··· PROVIDED DATA ···
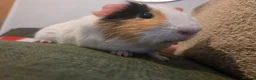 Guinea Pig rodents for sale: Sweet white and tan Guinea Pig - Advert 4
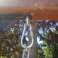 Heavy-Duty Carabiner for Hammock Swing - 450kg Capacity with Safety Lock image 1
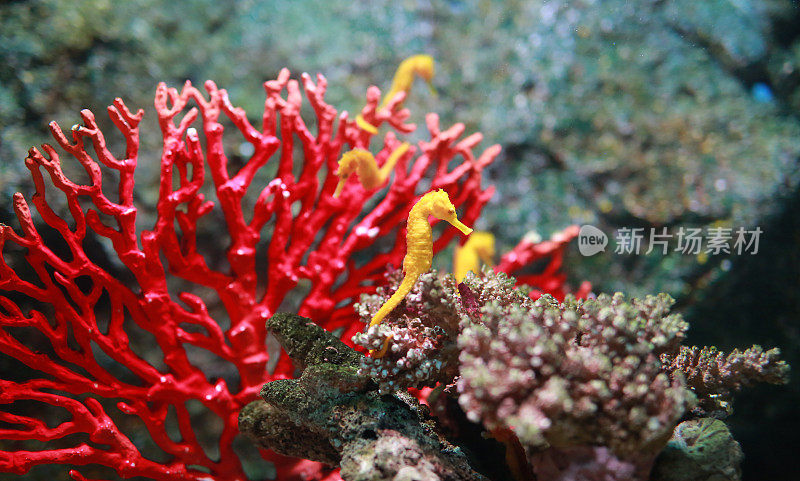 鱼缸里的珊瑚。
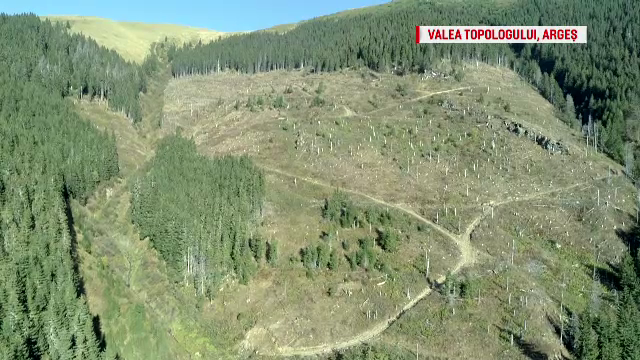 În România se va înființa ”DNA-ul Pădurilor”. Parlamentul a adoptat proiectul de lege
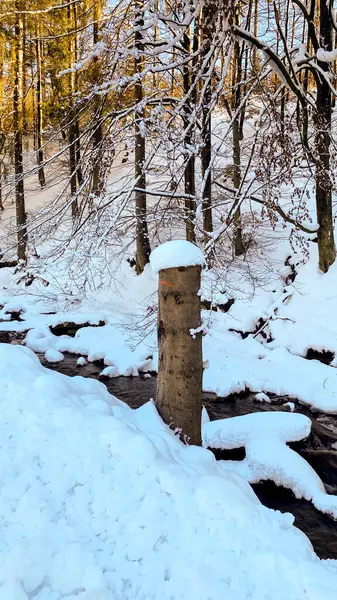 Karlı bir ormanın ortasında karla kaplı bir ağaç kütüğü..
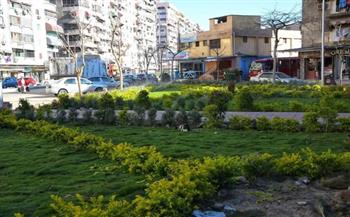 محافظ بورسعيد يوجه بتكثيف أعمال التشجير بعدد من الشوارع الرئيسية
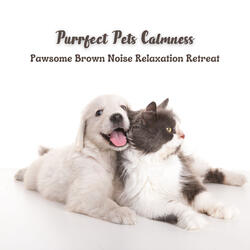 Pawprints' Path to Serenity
···
- [EXERCISE]
Repeat each line above exactly as it reads, omitting any pictures.

- [SOLVED EXERCISE]
 Guinea Pig rodents for sale: Sweet white and tan Guinea Pig - Advert 4
 Heavy-Duty Carabiner for Hammock Swing - 450kg Capacity with Safety Lock image 1
 鱼缸里的珊瑚。
 În România se va înființa ”DNA-ul Pădurilor”. Parlamentul a adoptat proiectul de lege
 Karlı bir ormanın ortasında karla kaplı bir ağaç kütüğü..
 محافظ بورسعيد يوجه بتكثيف أعمال التشجير بعدد من الشوارع الرئيسية
 Pawprints' Path to Serenity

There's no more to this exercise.